P(x<a) = P( (x-μ)/σ < (a-μ)/σ ) = P(z<b)
Where x,a are data from the original normal distribution, μ is the mean, σ is the STD and z,b are data in the Standard Normal Distribution.
There´s almost no tools to calculate probabilities in other normal distributions. My favorite tool to find probabilities in a Standard Normal Distribution is a chart (attached to this answer) that works like this:
P(x<c=a.bd)=(a.b , d)
Where "a.b" are the whole part and the first decimal of "c" and "d" the second decimal of "c", (a.b,d) are the coordinates of the result in the table, we will be using this to answer these questions. Notice the table only works with the probability under a value (P(z>b) is not directly shown by the chart)
A. We are asked for the minimum value needed to make an "A", in other words, which value "a" give us the following:
P(x>a)=0.10
Knowing that 10% of the students are above that grade "a"
What we are doing to solve it, as I said before, is to transfer information from a Standard Normal Distribution to the distribution we are talking about. We are going to look for a value "b" that gives us 0.10, and then we "normalize backwards".
P(x>b)=0.10
Thus the chart only works with probabilities UNDER a value, we need to use this property of probabilities to help us out:
P(x>b)=1 - P(x<b)=0.10
P(x<b)=0.9
And now, we are able to look "b" in the chart.
P(x<1.28)=0.8997
If we take b=1.285
P(x<1.285)≈0.9
Then
P(x>1.285)≈0.1
Now that we know the value that works in the Standard Normal Distribution, we "normalize backwards" as follows:
P(x<a) = P( (x-μ)/σ < (a-μ)/σ ) = P(z<b)
If we take b=(a+μ)/σ, then a=σb+μ.
a=6(1.285)+84
a=91.71
And because P(x<a)=P(z<b), we have P(x>a)=P(z>b), and our answer will be 91.71 because:
P(x>91.71) = 0.1
B. We use the same trick looking for a value in the Standard Normal Distribution that gives us the probability that we want and then we "normalize backwards"
The maximum score among the students who failed, would be the value that fills:
P(x<a)=0.025
because those who failed were the 2.5% and they were under the grade "a".

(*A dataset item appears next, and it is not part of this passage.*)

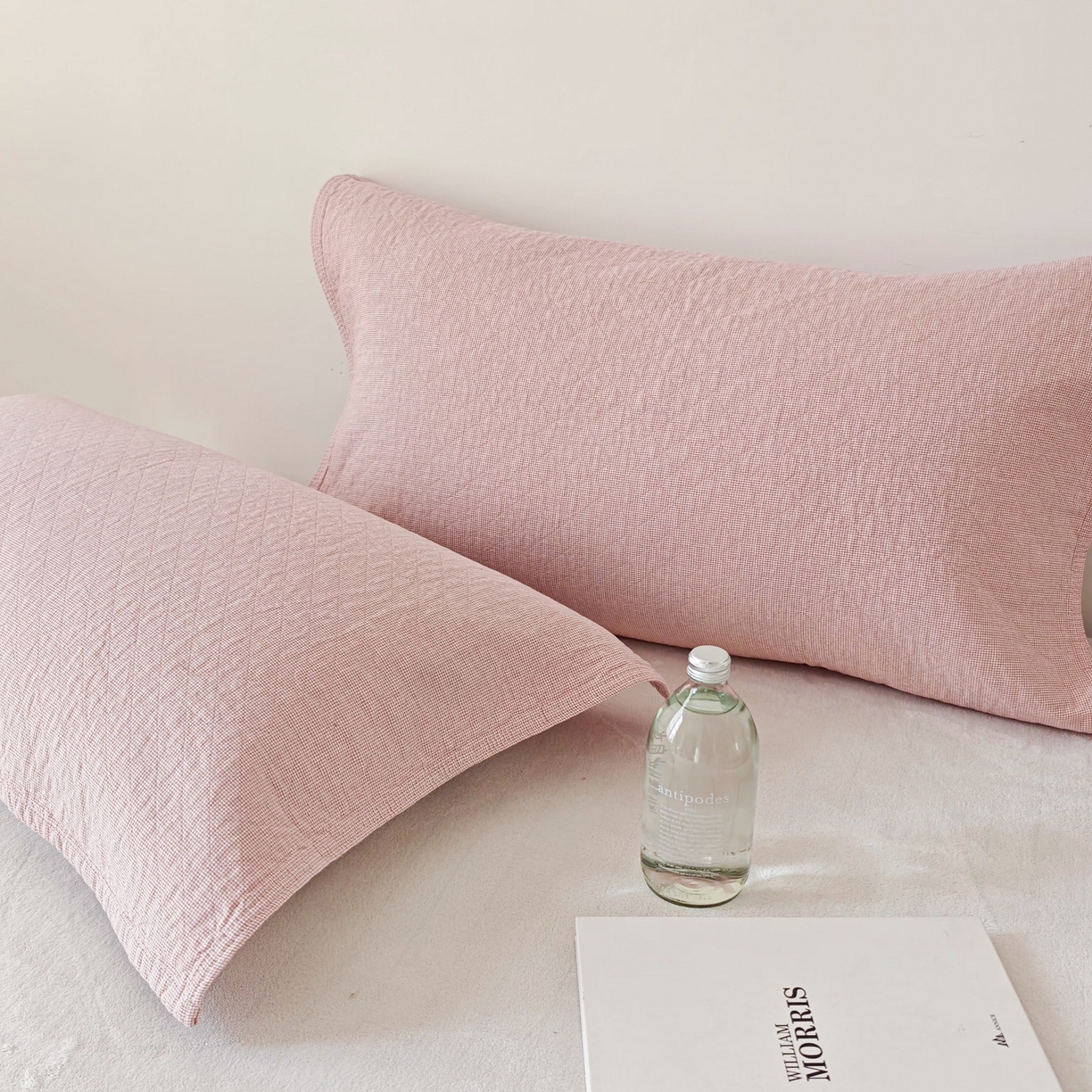 91家纺网 家纺一手货源 找家纺 沐瑟家纺 2026新款无印风格子款枕巾 米格-粉色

We look for a value that gives us:
P(z<b)=0.025 (in the Standard Normal Distribution)
P(z<-1.96)=0.025
And now, we do the same as before
a=bσ+μ
a=6(-1.96)+84
a=72.24
So, we conclude that the maximum grade is 72.24 because
P(x<72.24)=0.025
C. if 5 students did not pass the course, then (Total)2.5%=5
So we have:
2.5%⇒5
100%⇒?
?=5*100/2.5
?=200
There were 200 students taking that course